"What is relevant in a text document?": An interpretable machine learning approach

PLoS One. 2017 Aug 11;12(8):e0181142. doi: 10.1371/journal.pone.0181142. eCollection 2017.

Abstract

Text documents can be described by a number of abstract concepts such as semantic category, writing style, or sentiment. Machine learning (ML) models have been trained to automatically map documents to these abstract concepts, allowing to annotate very large text collections, more than could be processed by a human in a lifetime. Besides predicting the text's category very accurately, it is also highly desirable to understand how and why the categorization process takes place. In this paper, we demonstrate that such understanding can be achieved by tracing the classification decision back to individual words using layer-wise relevance propagation (LRP), a recently developed technique for explaining predictions of complex non-linear classifiers. We train two word-based ML models, a convolutional neural network (CNN) and a bag-of-words SVM classifier, on a topic categorization task and adapt the LRP method to decompose the predictions of these models onto words. Resulting scores indicate how much individual words contribute to the overall classification decision. This enables one to distill relevant information from text documents without an explicit semantic information extraction step. We further use the word-wise relevance scores for generating novel vector-based document representations which capture semantic information.
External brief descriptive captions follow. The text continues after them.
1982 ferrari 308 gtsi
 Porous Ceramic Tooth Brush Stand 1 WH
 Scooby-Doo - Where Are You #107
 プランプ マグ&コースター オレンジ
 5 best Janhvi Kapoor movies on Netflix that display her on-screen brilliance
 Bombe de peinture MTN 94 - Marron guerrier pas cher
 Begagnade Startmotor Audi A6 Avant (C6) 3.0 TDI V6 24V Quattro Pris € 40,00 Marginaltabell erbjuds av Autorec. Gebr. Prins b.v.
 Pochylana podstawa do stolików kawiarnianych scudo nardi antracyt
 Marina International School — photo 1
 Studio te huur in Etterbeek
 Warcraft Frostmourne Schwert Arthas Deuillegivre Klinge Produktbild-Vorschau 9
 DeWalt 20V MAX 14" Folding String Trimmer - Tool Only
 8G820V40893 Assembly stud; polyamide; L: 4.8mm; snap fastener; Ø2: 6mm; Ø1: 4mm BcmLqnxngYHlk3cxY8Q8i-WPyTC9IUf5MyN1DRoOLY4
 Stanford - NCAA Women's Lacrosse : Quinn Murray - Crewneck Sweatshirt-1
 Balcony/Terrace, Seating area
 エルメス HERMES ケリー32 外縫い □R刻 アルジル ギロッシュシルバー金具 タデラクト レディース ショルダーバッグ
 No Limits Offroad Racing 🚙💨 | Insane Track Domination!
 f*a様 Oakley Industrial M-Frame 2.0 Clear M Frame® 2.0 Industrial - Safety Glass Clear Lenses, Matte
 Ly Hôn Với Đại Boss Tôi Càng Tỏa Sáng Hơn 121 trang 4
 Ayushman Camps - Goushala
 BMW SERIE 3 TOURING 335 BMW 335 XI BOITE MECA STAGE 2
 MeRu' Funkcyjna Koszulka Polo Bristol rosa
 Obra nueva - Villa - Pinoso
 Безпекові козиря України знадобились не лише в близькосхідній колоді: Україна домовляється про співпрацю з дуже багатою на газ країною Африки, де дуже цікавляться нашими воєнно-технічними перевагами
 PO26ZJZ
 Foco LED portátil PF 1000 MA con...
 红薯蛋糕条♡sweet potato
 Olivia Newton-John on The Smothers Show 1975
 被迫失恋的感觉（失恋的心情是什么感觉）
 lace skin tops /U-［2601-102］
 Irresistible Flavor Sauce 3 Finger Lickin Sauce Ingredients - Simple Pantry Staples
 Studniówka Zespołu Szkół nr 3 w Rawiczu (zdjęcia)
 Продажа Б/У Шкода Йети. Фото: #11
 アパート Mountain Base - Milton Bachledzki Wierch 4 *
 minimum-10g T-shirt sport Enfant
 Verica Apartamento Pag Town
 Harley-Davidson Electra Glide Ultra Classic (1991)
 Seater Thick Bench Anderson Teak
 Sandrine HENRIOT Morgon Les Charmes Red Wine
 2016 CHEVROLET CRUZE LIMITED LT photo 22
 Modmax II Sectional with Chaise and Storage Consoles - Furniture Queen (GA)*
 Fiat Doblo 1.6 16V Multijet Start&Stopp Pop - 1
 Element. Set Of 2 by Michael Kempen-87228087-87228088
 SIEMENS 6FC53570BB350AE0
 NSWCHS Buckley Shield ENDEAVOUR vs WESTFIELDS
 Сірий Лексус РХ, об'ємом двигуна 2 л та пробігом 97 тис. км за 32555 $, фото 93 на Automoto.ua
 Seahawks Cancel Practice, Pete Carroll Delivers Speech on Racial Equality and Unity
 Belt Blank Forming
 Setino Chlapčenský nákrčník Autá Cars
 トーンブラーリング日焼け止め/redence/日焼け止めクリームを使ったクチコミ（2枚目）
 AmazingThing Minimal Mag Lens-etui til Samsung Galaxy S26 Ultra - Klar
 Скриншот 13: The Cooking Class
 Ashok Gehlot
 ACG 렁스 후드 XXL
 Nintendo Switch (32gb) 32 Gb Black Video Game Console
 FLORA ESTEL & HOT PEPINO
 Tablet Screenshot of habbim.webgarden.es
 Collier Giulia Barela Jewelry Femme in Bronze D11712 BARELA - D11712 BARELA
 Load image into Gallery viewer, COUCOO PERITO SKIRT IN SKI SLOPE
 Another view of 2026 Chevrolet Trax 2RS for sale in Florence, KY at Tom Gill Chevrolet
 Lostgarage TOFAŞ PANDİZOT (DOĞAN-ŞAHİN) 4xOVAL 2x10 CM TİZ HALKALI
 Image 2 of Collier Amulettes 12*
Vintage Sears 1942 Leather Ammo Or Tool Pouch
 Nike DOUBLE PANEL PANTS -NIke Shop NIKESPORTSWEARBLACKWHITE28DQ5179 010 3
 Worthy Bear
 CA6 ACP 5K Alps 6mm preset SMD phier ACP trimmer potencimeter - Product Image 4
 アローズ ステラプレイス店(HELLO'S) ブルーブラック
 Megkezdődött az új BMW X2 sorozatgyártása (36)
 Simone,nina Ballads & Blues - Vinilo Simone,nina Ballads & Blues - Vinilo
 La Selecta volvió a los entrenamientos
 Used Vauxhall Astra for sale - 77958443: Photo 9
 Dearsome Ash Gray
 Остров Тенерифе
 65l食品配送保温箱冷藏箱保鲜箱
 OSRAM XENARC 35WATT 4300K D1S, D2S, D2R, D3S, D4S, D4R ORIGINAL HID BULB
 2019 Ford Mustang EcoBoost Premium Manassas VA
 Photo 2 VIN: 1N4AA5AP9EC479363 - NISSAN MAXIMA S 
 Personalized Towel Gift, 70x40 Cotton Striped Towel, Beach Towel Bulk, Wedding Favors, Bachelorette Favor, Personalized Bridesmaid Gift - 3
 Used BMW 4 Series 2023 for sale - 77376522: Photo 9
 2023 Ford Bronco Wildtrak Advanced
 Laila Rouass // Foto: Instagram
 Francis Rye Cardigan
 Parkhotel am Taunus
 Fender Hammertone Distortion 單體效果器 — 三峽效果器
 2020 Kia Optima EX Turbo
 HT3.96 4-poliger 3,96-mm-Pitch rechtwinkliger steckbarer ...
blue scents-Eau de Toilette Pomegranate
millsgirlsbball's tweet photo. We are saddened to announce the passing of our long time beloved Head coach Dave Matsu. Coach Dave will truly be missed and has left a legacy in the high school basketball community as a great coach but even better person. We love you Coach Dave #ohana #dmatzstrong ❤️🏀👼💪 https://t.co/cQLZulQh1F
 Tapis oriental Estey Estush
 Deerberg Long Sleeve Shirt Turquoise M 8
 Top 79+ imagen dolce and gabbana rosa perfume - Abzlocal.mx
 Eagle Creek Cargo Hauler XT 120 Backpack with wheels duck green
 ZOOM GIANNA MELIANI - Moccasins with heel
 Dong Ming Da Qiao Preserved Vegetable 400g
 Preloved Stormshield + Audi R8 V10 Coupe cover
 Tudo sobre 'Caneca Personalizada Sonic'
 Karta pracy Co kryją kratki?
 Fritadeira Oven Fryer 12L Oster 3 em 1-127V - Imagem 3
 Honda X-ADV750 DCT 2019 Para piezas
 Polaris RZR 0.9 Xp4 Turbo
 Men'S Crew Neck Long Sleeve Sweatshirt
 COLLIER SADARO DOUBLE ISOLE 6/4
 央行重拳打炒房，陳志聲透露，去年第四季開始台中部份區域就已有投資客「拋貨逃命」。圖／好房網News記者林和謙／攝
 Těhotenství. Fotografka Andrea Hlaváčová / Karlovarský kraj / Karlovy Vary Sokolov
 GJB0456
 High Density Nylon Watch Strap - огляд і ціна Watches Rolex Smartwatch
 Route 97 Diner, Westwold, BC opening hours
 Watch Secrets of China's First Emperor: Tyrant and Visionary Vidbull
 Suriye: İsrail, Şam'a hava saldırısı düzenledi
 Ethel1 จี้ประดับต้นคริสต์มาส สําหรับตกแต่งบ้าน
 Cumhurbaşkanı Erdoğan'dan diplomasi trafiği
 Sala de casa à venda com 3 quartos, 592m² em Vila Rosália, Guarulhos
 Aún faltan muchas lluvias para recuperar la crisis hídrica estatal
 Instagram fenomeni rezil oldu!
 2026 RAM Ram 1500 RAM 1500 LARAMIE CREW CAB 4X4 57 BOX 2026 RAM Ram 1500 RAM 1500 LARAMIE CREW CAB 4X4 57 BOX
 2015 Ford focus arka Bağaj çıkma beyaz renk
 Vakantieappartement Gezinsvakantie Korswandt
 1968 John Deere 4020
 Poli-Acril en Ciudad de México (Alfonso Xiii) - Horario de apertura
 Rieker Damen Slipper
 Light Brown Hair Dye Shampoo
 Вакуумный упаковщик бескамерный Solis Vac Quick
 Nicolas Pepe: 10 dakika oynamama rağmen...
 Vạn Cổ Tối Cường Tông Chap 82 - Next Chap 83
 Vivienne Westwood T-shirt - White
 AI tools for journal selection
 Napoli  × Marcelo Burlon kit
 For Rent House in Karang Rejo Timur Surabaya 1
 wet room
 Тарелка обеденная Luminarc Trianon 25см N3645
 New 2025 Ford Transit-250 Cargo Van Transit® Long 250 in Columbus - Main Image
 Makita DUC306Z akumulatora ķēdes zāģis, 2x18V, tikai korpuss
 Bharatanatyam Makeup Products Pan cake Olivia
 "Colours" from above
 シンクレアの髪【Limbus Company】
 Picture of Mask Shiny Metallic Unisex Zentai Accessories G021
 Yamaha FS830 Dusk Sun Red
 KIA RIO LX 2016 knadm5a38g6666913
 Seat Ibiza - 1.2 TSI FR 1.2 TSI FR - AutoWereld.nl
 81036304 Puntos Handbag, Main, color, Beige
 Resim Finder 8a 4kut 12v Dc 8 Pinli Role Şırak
Based on these document vectors, we introduce a measure of model explanatory power and show that, although the SVM and CNN models perform similarly in terms of classification accuracy, the latter exhibits a higher level of explainability which makes it more comprehensible for humans and potentially more useful for other applications.

MeSH terms

  • Documentation*
  • Machine Learning*
  • Neural Networks, Computer
  • Principal Component Analysis
  • Support Vector Machine
  • Vocabulary

Grants and funding

This work was supported by the German Ministry for Education and Research as Berlin Big Data Center BBDC, funding mark 01IS14013A, by the Institute for Information & Communications Technology Promotion (IITP) grant funded by the Korea government (No. 2017-0-00451) and by DFG. KRM thanks for partial funding by the National Research Foundation of Korea funded by the Ministry of Education, Science, and Technology in the BK21 program.